Nach über 10 Jahren Diskussionen und Vorarbeiten im Berufsstand ist die Reform der Psychotherapeutenausbildung am gestrigen Abend vom Deutschen Bundestag verabschiedet worden. Der Präsident der Psychotherapeutenkammer Schleswig-Holstein (PKSH), Dr. Oswald Rogner, äußert sich zufrieden und betont, dass damit auch in Zukunft psychisch kranke Menschen eine qualitativ hochwertige psychotherapeutische Versorgung erhalten.
Psychotherapeutinnen und Psychotherapeuten durchlaufen künftig ein Universitätsstudium, das sie mit einem Master abschließen. Das Studium qualifiziert praktisch und theoretisch so, dass danach eine Approbation erworben werden kann, die bundeseinheitliche Studieninhalte und -strukturen sicherstellt, unabhängig davon, ob die Absolventen später Kinder, Jugendliche oder Erwachsene behandeln wollen. Daran anschließend werden PsychotherapeutInnen wie andere Heilberufe ihre Weiterbildung absolvieren, in der sie sich für die Behandlung von Kindern und Jugendlichen oder Erwachsenen und in einem Psychotherapieverfahren spezialisieren. Anders als heute werden sie während ihrer stationären Weiterbildung ein Tarifgehalt beziehen können. „Gemessen an den heutigen finanziell prekären Verhältnissen, die während des Psychiatriejahres unserem Nachwuchs zugemutet werden, ist dies ein großer Fortschritt“ so Rogner.

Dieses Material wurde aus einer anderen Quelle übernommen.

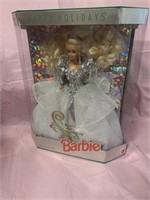 1992 SPECIAL EDITION HAPPY HOLIDAYS BARBIE SILVER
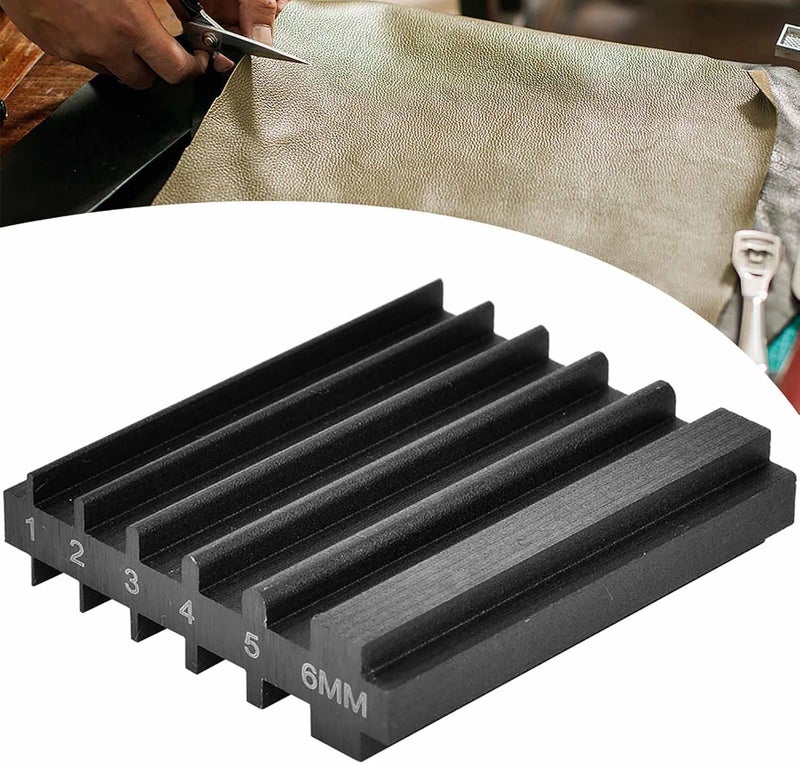 Leather Craft Wide Shovel Cutting Tool, Steel Skiving Edger 6mm - Durable Leather Repair, Precision Chamfering for Leatherworking - Image 2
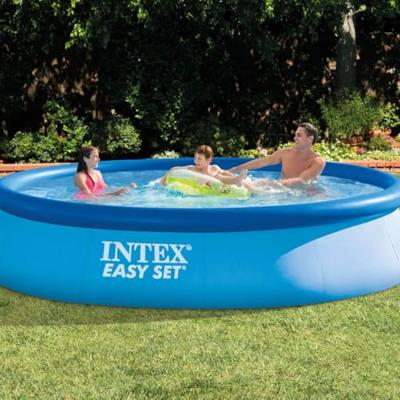 Intex 28143NP Easy Set Zwembad 396x84 cm Blauw - thumbnail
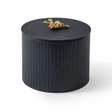 Leather Wrapped Round Box | Pinetti Thalia | Italianfurniture.com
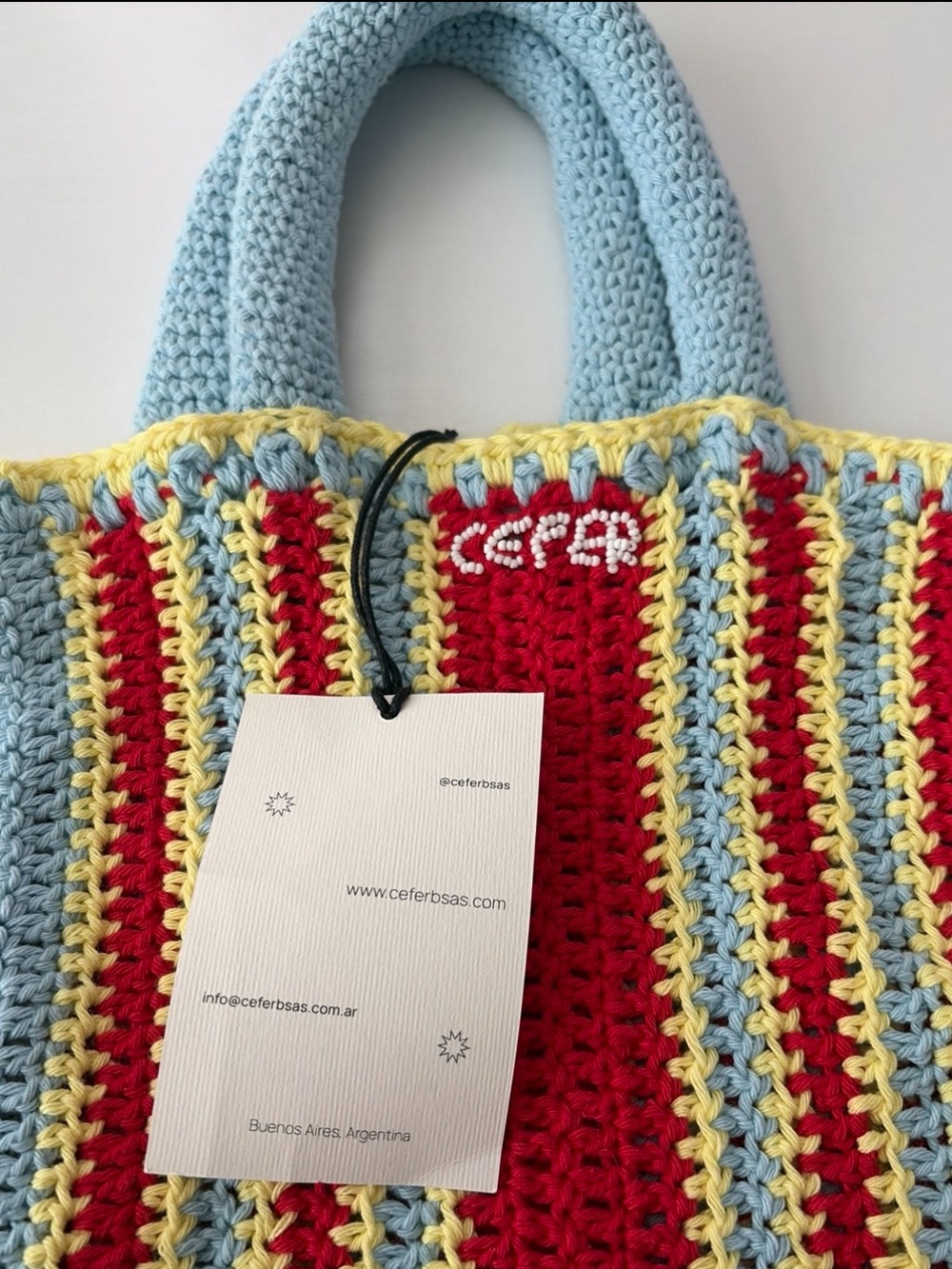 Cefér homero red/yellow/blue tote bag (NEW WITH TAGS) - Picture 3 of 4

Ein erhebliches Defizit des Gesetzes konnte allerdings bisher nicht korrigiert werden: Die ambulante Weiterbildung ist nicht ausreichend finanziert. PsychotherapeutInnen sollen künftig mindestens 40 Prozent der Vergütungen für ihre ambulanten Leistungen während der Weiterbildung erhalten. „Das ist jedoch nicht ausreichend“, stellt Präsident Rogner fest. „Supervision, Selbsterfahrung und Theorievermittlung und ein Gehalt wie im Krankenhaus lassen sich damit nicht finanzieren.“
Verbesserungen konnten dagegen für die Übergangszeit erreicht werden, in der angehende PsychotherapeutInnen ihre bereits begonnene Ausbildung noch abschließen. Eine Praktikumsvergütung von mindestens 1.000 Euro im Monat während des Psychiatriejahrs stellt sicher, dass sie diese Zeit nicht mehr ohne Einkommen bewältigen müssen. Außerdem konnte erreicht werden, dass PsychotherapeutInnen in Ausbildung mindestens 40 Prozent von der Vergütung der Ausbildungstherapien erhalten sollen. „Die Höhe des so erzielten Einkommens bleibt weiter unzureichend“, kritisiert Rogner. Die Kammer habe sich eine großzügigere finanzielle Förderung für die Psychotherapeutengeneration gewünscht, die mit ihren Protesten wesentlich zur Reform beigetragen hat.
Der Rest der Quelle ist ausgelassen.